Information shown:
************

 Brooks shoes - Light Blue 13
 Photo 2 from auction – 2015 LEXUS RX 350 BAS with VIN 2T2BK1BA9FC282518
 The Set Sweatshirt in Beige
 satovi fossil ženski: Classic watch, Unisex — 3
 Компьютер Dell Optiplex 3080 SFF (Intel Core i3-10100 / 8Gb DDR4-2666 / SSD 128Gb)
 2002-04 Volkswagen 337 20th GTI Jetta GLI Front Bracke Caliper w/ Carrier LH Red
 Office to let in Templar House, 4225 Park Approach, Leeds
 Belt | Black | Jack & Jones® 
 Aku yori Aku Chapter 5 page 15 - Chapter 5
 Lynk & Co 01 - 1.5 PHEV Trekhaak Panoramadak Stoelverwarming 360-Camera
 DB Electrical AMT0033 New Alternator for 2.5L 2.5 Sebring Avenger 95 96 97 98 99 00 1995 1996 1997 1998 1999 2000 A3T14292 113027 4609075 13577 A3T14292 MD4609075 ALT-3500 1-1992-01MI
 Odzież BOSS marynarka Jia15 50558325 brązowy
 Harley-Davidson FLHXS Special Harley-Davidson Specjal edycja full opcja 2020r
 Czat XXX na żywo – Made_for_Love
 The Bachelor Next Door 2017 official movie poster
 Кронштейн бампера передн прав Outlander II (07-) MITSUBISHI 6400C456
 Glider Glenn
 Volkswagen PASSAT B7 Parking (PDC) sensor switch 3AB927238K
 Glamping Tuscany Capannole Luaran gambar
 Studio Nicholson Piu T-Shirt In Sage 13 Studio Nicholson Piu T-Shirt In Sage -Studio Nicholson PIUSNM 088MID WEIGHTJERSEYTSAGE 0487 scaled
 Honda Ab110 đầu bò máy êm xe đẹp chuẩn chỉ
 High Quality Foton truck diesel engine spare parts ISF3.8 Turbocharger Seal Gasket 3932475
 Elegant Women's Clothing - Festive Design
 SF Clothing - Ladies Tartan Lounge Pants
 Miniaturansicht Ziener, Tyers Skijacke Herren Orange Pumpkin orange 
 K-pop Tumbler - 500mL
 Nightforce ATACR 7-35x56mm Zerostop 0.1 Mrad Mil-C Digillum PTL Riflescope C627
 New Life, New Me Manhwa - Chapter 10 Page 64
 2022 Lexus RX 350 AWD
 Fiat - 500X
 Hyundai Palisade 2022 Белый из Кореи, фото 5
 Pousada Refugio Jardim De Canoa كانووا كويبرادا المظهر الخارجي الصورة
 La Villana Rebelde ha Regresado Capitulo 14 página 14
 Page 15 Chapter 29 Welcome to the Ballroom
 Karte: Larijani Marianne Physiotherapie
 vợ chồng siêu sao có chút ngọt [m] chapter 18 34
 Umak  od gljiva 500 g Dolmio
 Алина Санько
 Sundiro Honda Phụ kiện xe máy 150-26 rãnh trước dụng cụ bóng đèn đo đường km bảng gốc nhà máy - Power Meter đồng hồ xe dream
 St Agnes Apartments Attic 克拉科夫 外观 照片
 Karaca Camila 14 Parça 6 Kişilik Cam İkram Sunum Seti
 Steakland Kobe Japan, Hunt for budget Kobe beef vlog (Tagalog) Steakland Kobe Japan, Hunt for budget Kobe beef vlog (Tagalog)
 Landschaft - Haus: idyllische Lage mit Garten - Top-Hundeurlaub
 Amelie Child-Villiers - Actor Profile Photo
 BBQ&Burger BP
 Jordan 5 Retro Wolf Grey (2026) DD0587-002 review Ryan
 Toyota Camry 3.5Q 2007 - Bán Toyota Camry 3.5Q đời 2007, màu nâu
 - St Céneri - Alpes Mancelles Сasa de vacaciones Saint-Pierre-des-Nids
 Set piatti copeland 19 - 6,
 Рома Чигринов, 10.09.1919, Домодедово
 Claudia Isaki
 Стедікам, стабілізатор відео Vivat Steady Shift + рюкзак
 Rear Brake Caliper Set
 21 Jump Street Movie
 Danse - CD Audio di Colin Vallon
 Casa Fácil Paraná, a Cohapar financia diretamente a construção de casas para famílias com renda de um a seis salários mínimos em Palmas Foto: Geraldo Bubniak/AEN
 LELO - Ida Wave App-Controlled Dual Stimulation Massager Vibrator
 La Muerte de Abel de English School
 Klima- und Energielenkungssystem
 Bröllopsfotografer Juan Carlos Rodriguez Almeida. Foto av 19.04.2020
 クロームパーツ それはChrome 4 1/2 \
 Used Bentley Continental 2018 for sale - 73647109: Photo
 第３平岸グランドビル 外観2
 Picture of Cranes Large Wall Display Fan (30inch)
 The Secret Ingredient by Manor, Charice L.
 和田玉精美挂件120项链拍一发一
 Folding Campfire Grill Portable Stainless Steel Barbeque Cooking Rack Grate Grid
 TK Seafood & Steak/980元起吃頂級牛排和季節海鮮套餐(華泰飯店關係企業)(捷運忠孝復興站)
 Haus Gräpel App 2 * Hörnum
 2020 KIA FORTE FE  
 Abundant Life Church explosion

************

What is being asked: Please print verbatim each line from the first line of the entries above to the line that contains "Fiat - 500X", inclusive, and nothing more.

Solution:
 Brooks shoes - Light Blue 13
 Photo 2 from auction – 2015 LEXUS RX 350 BAS with VIN 2T2BK1BA9FC282518
 The Set Sweatshirt in Beige
 satovi fossil ženski: Classic watch, Unisex — 3
 Компьютер Dell Optiplex 3080 SFF (Intel Core i3-10100 / 8Gb DDR4-2666 / SSD 128Gb)
 2002-04 Volkswagen 337 20th GTI Jetta GLI Front Bracke Caliper w/ Carrier LH Red
 Office to let in Templar House, 4225 Park Approach, Leeds
 Belt | Black | Jack & Jones® 
 Aku yori Aku Chapter 5 page 15 - Chapter 5
 Lynk & Co 01 - 1.5 PHEV Trekhaak Panoramadak Stoelverwarming 360-Camera
 DB Electrical AMT0033 New Alternator for 2.5L 2.5 Sebring Avenger 95 96 97 98 99 00 1995 1996 1997 1998 1999 2000 A3T14292 113027 4609075 13577 A3T14292 MD4609075 ALT-3500 1-1992-01MI
 Odzież BOSS marynarka Jia15 50558325 brązowy
 Harley-Davidson FLHXS Special Harley-Davidson Specjal edycja full opcja 2020r
 Czat XXX na żywo – Made_for_Love
 The Bachelor Next Door 2017 official movie poster
 Кронштейн бампера передн прав Outlander II (07-) MITSUBISHI 6400C456
 Glider Glenn
 Volkswagen PASSAT B7 Parking (PDC) sensor switch 3AB927238K
 Glamping Tuscany Capannole Luaran gambar
 Studio Nicholson Piu T-Shirt In Sage 13 Studio Nicholson Piu T-Shirt In Sage -Studio Nicholson PIUSNM 088MID WEIGHTJERSEYTSAGE 0487 scaled
 Honda Ab110 đầu bò máy êm xe đẹp chuẩn chỉ
 High Quality Foton truck diesel engine spare parts ISF3.8 Turbocharger Seal Gasket 3932475
 Elegant Women's Clothing - Festive Design
 SF Clothing - Ladies Tartan Lounge Pants
 Miniaturansicht Ziener, Tyers Skijacke Herren Orange Pumpkin orange 
 K-pop Tumbler - 500mL
 Nightforce ATACR 7-35x56mm Zerostop 0.1 Mrad Mil-C Digillum PTL Riflescope C627
 New Life, New Me Manhwa - Chapter 10 Page 64
 2022 Lexus RX 350 AWD
 Fiat - 500X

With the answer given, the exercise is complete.